### TASK INPUT

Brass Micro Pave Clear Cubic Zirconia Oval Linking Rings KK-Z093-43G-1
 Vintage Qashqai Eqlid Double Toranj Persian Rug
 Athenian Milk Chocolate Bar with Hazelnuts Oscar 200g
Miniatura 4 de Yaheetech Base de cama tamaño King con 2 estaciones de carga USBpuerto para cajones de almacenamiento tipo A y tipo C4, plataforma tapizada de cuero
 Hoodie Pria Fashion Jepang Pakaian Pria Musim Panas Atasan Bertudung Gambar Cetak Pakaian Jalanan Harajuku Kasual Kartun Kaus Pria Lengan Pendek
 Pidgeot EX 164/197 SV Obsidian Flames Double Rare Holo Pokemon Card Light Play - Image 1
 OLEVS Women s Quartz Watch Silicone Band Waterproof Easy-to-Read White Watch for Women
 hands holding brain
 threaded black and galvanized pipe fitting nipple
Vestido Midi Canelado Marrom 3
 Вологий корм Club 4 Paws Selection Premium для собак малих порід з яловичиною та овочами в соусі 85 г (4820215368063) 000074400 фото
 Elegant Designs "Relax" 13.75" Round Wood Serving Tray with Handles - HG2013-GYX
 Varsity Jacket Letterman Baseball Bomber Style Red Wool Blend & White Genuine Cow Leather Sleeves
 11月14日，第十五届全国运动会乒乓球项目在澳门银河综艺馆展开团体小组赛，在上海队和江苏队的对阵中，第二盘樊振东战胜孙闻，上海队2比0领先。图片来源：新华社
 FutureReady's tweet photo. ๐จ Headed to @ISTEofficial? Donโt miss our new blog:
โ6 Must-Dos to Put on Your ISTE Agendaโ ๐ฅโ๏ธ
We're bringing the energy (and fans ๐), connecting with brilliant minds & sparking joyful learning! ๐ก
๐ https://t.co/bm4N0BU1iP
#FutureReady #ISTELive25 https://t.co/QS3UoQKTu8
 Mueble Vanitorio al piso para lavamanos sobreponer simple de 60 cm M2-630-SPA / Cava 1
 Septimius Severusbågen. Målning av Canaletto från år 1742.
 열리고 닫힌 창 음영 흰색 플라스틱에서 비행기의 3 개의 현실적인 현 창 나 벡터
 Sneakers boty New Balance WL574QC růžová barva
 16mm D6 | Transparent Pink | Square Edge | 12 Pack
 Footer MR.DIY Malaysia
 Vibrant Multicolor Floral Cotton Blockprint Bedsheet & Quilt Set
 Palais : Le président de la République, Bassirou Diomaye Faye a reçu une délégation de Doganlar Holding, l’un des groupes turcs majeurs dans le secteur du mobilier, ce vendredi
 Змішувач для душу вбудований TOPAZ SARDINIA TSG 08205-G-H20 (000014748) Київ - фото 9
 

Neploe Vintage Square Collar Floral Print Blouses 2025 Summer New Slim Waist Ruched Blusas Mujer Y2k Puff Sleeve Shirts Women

### PROBLEM TO SOLVE
Reproduce exactly the stretch of the material above that starts at the line with "Vintage Qashqai Eqlid" and ends at the line with "Miniatura 4 de", both included, and nothing else.

### RESPONSE AREA
 Vintage Qashqai Eqlid Double Toranj Persian Rug
 Athenian Milk Chocolate Bar with Hazelnuts Oscar 200g
Miniatura 4 de Yaheetech Base de cama tamaño King con 2 estaciones de carga USBpuerto para cajones de almacenamiento tipo A y tipo C4, plataforma tapizada de cuero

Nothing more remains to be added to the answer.